# Directions
Using the data that follows, output only the lines from the line with "Bệnh viện Thanh" up to and including the line with "Ivy Maughan — Classical dancer, Australia", exactly, leaving pictures aside.

# Dataset content
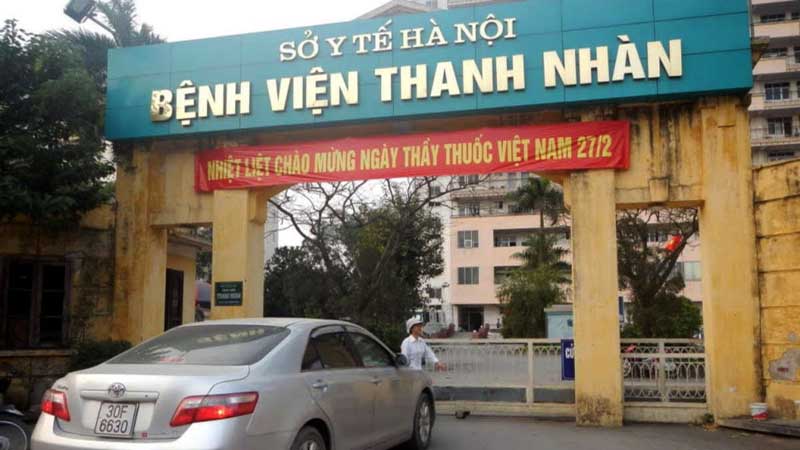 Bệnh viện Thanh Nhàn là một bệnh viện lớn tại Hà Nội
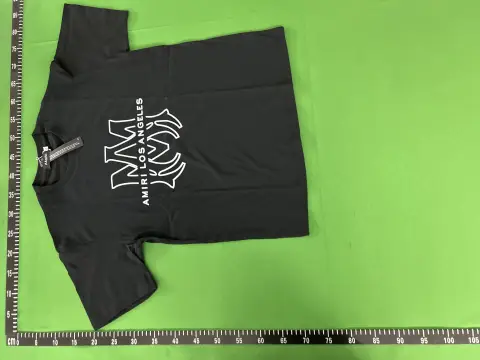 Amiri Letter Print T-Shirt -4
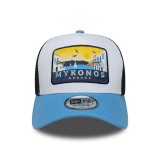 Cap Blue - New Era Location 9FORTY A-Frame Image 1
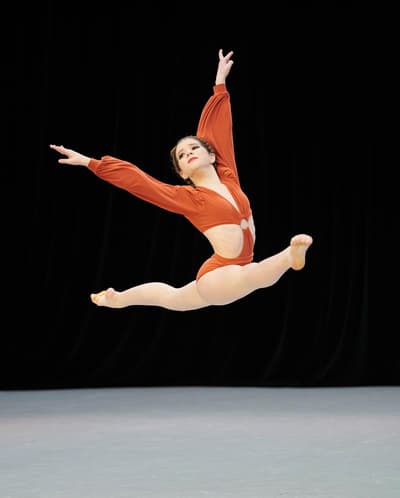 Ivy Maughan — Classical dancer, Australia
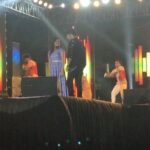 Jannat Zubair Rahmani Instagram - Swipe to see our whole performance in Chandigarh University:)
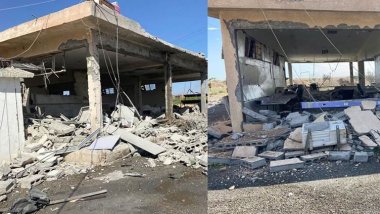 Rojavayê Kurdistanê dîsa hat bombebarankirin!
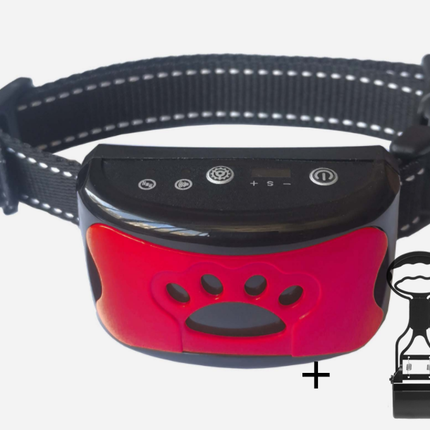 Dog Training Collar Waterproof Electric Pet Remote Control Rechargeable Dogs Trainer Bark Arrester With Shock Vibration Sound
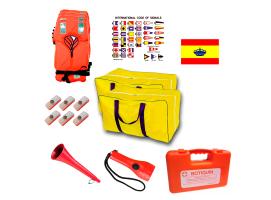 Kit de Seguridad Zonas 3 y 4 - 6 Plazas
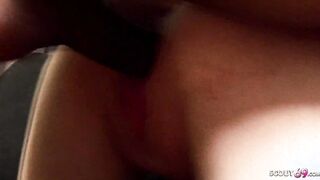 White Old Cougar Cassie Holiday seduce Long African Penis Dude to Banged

...

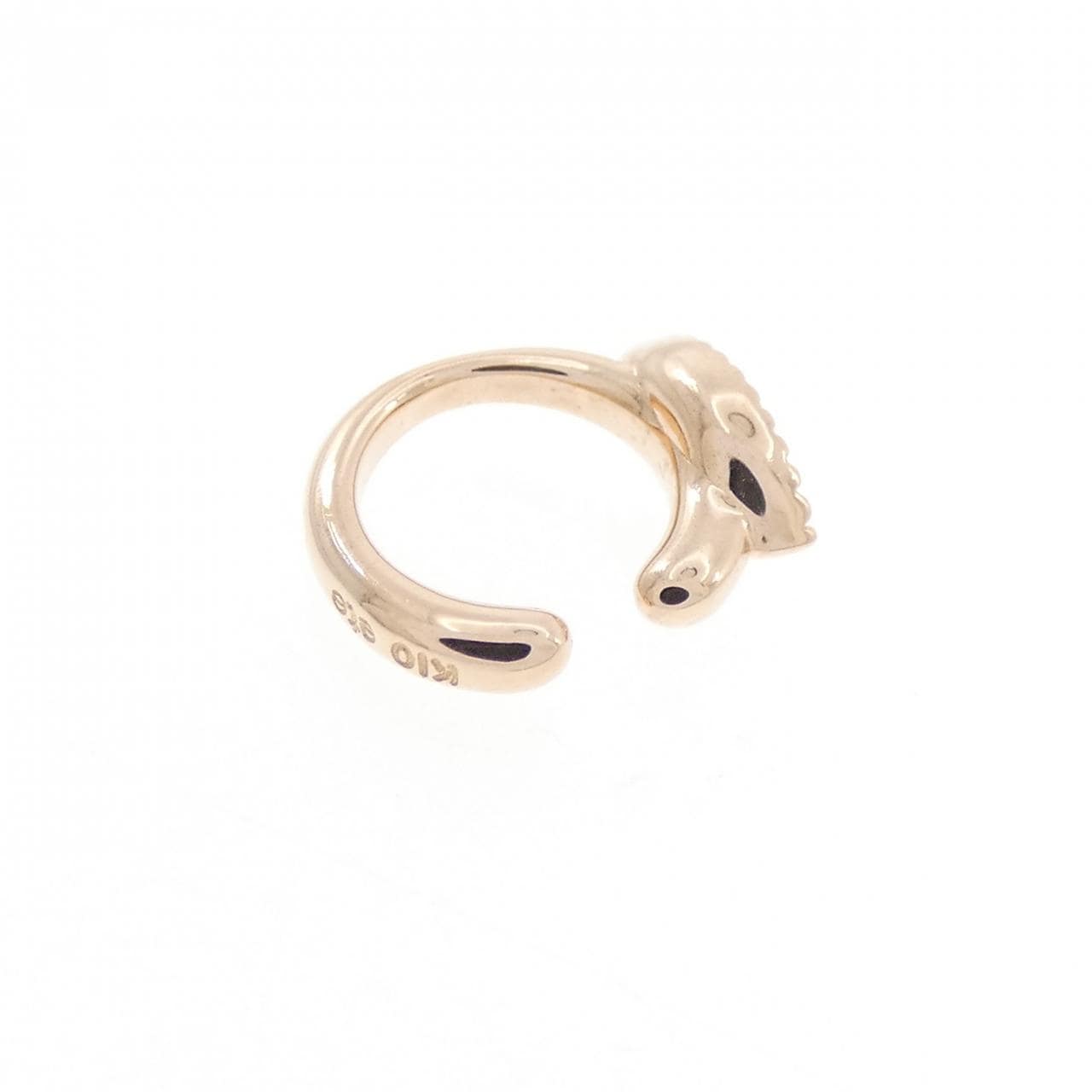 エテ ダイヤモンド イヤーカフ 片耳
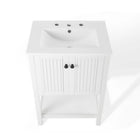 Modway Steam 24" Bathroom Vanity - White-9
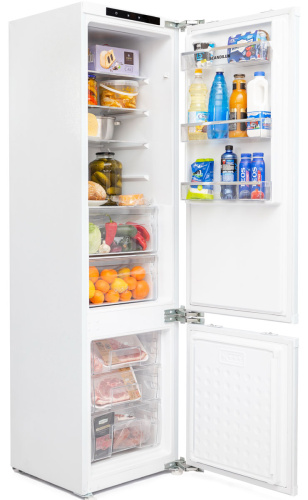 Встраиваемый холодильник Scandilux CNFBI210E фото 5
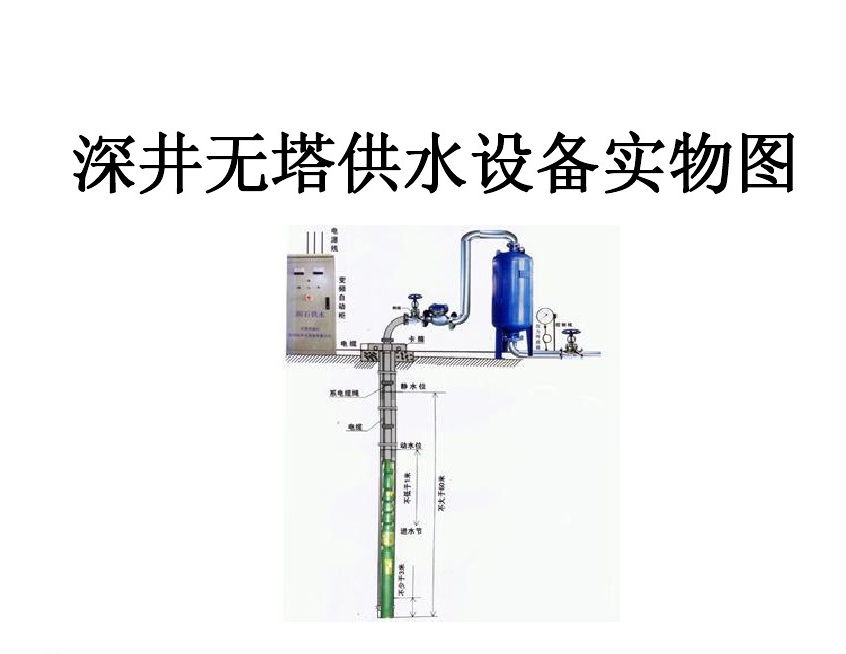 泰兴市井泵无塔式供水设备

# Result for this task
 Bệnh viện Thanh Nhàn là một bệnh viện lớn tại Hà Nội
 Amiri Letter Print T-Shirt -4
 Cap Blue - New Era Location 9FORTY A-Frame Image 1
 Ivy Maughan — Classical dancer, Australia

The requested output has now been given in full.